## DATA PROVIDED
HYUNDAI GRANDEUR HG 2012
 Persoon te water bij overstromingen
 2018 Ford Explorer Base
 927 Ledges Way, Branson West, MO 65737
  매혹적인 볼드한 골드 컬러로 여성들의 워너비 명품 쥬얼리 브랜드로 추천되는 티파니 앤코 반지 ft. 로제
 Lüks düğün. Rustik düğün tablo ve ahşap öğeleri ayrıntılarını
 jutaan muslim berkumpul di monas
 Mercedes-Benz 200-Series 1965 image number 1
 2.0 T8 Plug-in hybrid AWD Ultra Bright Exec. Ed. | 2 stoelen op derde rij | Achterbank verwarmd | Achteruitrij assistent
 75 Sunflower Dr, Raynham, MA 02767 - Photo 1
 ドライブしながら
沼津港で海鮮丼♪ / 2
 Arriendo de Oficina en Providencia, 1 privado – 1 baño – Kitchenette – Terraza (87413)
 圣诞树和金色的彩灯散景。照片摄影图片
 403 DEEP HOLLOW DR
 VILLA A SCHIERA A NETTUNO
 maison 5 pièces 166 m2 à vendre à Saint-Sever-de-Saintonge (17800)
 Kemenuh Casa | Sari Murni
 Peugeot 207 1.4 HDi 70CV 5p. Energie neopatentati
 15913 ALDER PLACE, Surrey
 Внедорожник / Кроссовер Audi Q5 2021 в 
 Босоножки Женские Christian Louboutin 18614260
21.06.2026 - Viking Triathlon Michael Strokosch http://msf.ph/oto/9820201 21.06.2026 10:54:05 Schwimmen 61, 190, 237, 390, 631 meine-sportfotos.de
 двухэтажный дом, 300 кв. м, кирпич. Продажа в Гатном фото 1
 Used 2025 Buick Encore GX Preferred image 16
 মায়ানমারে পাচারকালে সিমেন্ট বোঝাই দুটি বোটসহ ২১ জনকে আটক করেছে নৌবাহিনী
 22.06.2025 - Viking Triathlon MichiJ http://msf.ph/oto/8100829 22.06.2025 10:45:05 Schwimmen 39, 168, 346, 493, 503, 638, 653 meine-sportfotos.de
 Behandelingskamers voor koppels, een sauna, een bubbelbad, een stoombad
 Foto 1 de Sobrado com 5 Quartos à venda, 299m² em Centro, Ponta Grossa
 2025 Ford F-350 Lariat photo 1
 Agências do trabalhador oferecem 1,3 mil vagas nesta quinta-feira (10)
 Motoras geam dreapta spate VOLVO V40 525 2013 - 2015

## TASK GOAL
Each line in the data where the string "sportfotos" occurs should be identified and copied.

## ANSWER SPACE
21.06.2026 - Viking Triathlon Michael Strokosch http://msf.ph/oto/9820201 21.06.2026 10:54:05 Schwimmen 61, 190, 237, 390, 631 meine-sportfotos.de
 22.06.2025 - Viking Triathlon MichiJ http://msf.ph/oto/8100829 22.06.2025 10:45:05 Schwimmen 39, 168, 346, 493, 503, 638, 653 meine-sportfotos.de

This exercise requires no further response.